Dem stimmt auch Thomas Kossedey zu, der Parlamentarischer Staatssekretär im Bundesverteidigungsministerium ist: „Wer in Somalia allein mit militärischen Mitteln die Piraterie bekämpfen will, wird dies bis zum St. Nimmerleinstag tun, wenn er nicht auf eine vernünftige Entwicklung an Land Wert legt.“

Mehr zivile Hilfe ist nötig

Edelgard Buhlmahn, Sprecherin des Unterausschusses für zivile Krisenprävention und vernetzte Sicherheit im Bundestag, forderte mehr Mittel für die zivile Hilfe: „Wir brauchen ein viel größeres finanzielles Engagement, dass sich die Lebensverhältnisse in der Region Ostafrika verbessern.“ Deutschland gebe nur 34 Millionen Euro für die zivile Hilfe.

Thomas Kossedey sieht die deutsche Entwicklungspolitik  vor einem Dilemma: „Wir haben keine staatlichen Strukturen, an die wir andocken können. Dadurch können wir in Somalia gar keine Mittel unterbringen.“

Claudia Warning plädierte dennoch für eine Ausweitung der zivilen Entwicklungshilfe: „105 Millionen wurden im letzten Jahr für Atalanta ausgegeben. Nicht einmal die Hälfte ging in die humanitäre Hilfe oder die nachhaltige Entwicklungshilfe.“ Hier müssten die Prioritäten geändert werden.  „Erst Stabilität, dann Entwicklung, das funktioniert nicht!“, sagte Warning.

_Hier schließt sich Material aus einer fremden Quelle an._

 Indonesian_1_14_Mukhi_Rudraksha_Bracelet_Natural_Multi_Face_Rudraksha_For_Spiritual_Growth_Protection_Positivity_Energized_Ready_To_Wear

Die Lösung muss aus Somalia kommen

Gleichzeitig dürfe man aber auch keine überzogenen Erwartungen an Hilfe von außen haben: „Wir werden es auch nicht allein mit Entwicklungshilfe schaffen, ihre Probleme müssen die Somalier selbst lösen. Wir können die Somalier nur bei der Lösung ihrer Probleme unterstützen.“

Die internationale Gemeinschaft habe bisher den Fehler gemacht, mit allen Mitteln auf eine zentrale Regierung zu setzen, notfalls auch mit militärischer Intervention. „Es gibt aber keine Tradition der Nationalstaatlichkeit. Das Land ist aus zwei Kolonien entstanden, die wesentliche Gesellschaftsstruktur wird durch die Clans gebildet.“ Auf dieser Ebene versuche der im September gewählte Präsident Hassan Sheikh Mohamud im Dialog der Regionen einen gesellschaftlichen Konsens zu erreichen.

So herrschte auf dem Podium quer durch alle politischen Lager eine weitgehende Einigkeit: Sicherheit lässt sich vor dem Horn von Afrika nur herstellen, wenn die Menschen in Somalia wieder eine gute Lebensperspektive haben.